What I am about to propose violates the rules of the convention.

They are sacrosanct, we are told. They cannot be broken. Space limitations prevent me from listing all the times this rule was broken. They are especially breakable in this campaign when the winner broke every rule in the political playbook. Convention rules are as rigid and unbending as a rubber band.

There is a growing Dump Trump movement, fed by corporate money, with the fat cats establishing the usual SuperPACs, alerting the public to the thin ice ahead.

With all due respect, these noble idealists are doing it wrong.

Instead of wasting money on TV and radio commercials, hiring volunteer robocallers, I propose a direct marketing campaign. Go directly to the buyers. Spend the money on delegates, requesting they think it over. And for their time thinking, they will be reimbursed.

The Supreme Court has ruled (Citizens United) corporations are people.

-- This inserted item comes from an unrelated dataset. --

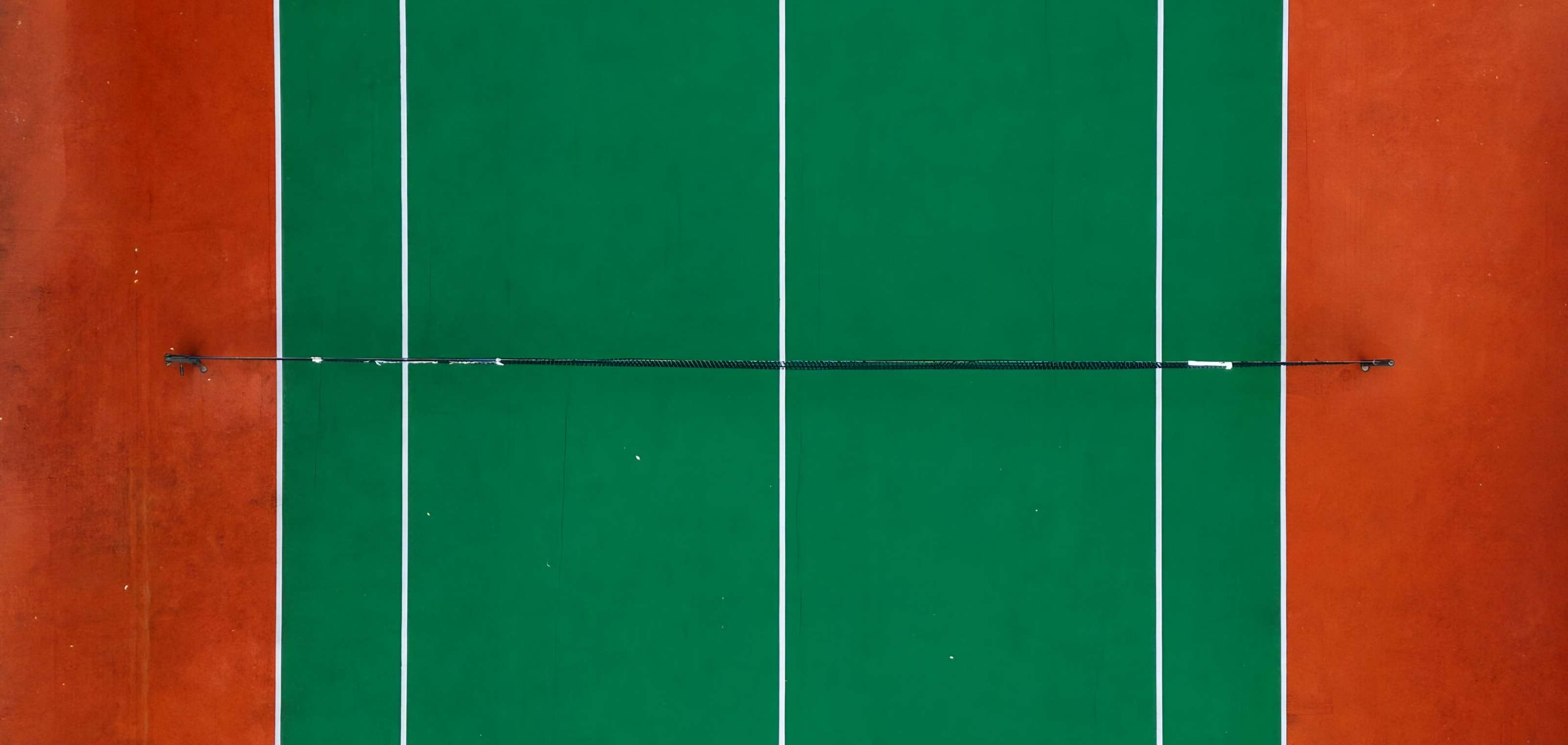 Surface d’un court de tennis vert traversée par une ligne blanche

As people they have every right to be involved in decision making. It’s the law of the land for them to take sides in their best interests.

If corporations are people, then it could follow delegates are also people with legitimate human emotions, such as concern for the welfare of their families.

The sales pitch:

Is it enough for you to have been one of that band of brothers, the 1,532 bros who killed the Republican Party in 2016?

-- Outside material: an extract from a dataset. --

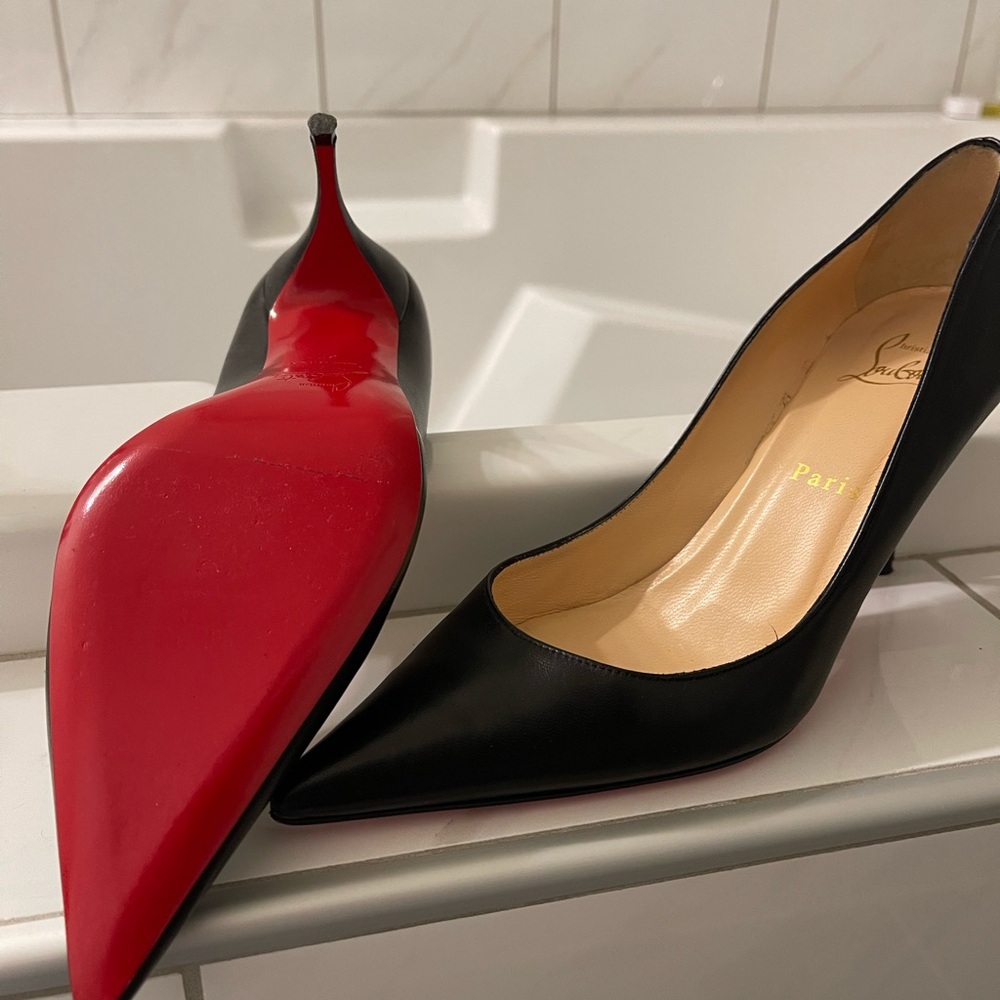 Christian Louboutin black pumps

The question they should be asking, given the mercantile nature of the party, what’s in it for me?

Do I want to go down with the sinking ship, arranging the deck chairs as the Titanic of American politics goes under? Or am I a survivor, a courageous person who looks after his loved ones and himself, whichever comes first.

Every man has his price, as Sir Robert Walpole said in 1734. It’s still true today.

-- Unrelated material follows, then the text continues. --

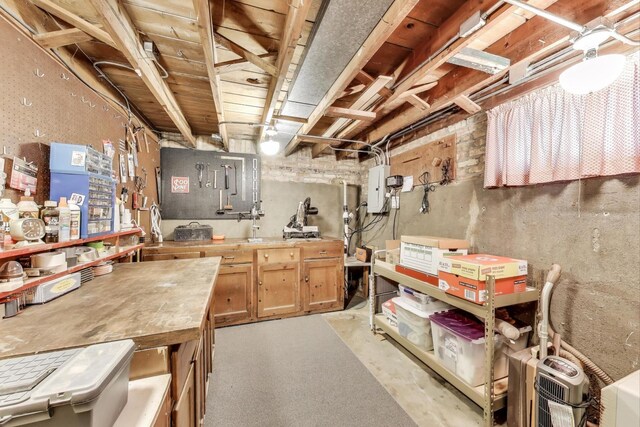 266 S Warrington Rd, Des Plaines, IL 60016 - unfinished basement featuring a workshop area and electric panel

For some it is a seat on a Fortune 500 company as the public’s member.

For some it is membership in the golf club of their dreams, with waived fees for the duration of life.

For others it might be money, a compensatory bonus for having to sit and listen to all the boring convention rubbish, before voting the courage of their convictions in not supporting the presumptive nominee.

Some people may not be selling out because they don’t know what their price is. I further propose that an exchange be established as a public service to regulate in an orderly manner the business of selling out. Records of who sold out and the price would be available for who or whomever it may concern.

Such a Selling Out Exchange would serve a useful function not only at conventions but also for all public policy questions, informing in an orderly and responsible way who is in which fat cat’s pocket, and for how much.

In the spirit of transparency, corporations contributing to the slush fund making all of this possible might list contributions on their annual reports as educational projects, counseling, civics lessons, and so forth.

Now I realize some will say the Kitman Plan smacks of bribery. But the public-spirited corporations participating in this program could argue they are only informing delegates of their opportunities for advancement. As George Washington Plunkitt, the leader of Tammany Hall in the 19th century explained about the concept of honest graft, “I seen my opportunities, and took’em.”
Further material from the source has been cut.